- [Dataset extract]:
* * * * * * *

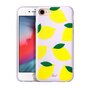 &Eacute;tui Laut Tutti Frutti Lemon PU et TPU Limes pour iPhone 6 6s 7 8 et SE 2020 SE 2022 - Color&eacute;e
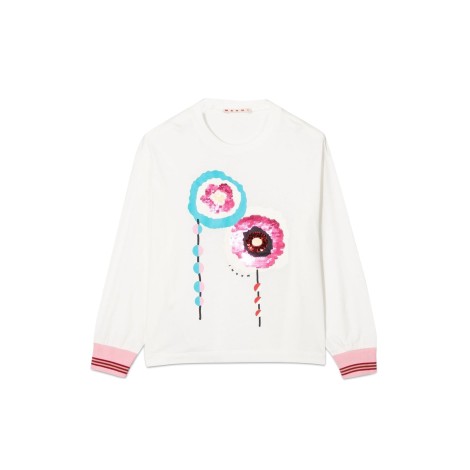 marni long-sleeved t-shirt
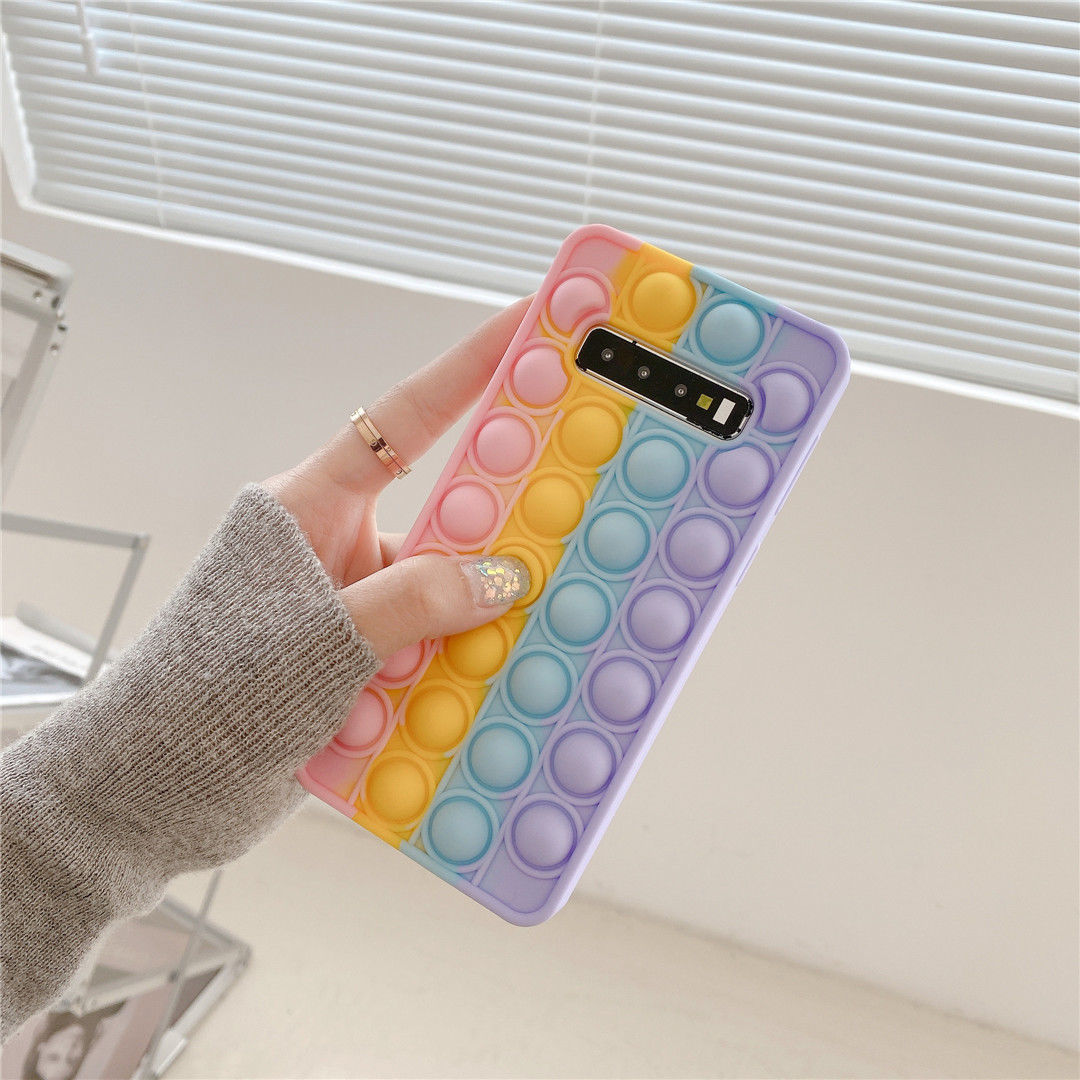 独刺减压彩虹vivox5060手机壳y7sx23y51硅胶y73ss7ey93x30p彩虹减压豆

* * * * * * *

- [What is needed]:
Only the text of the listing above should be copied, exactly and with pictures left out.

- [Solution]:
 &Eacute;tui Laut Tutti Frutti Lemon PU et TPU Limes pour iPhone 6 6s 7 8 et SE 2020 SE 2022 - Color&eacute;e
 marni long-sleeved t-shirt
 独刺减压彩虹vivox5060手机壳y7sx23y51硅胶y73ss7ey93x30p彩虹减压豆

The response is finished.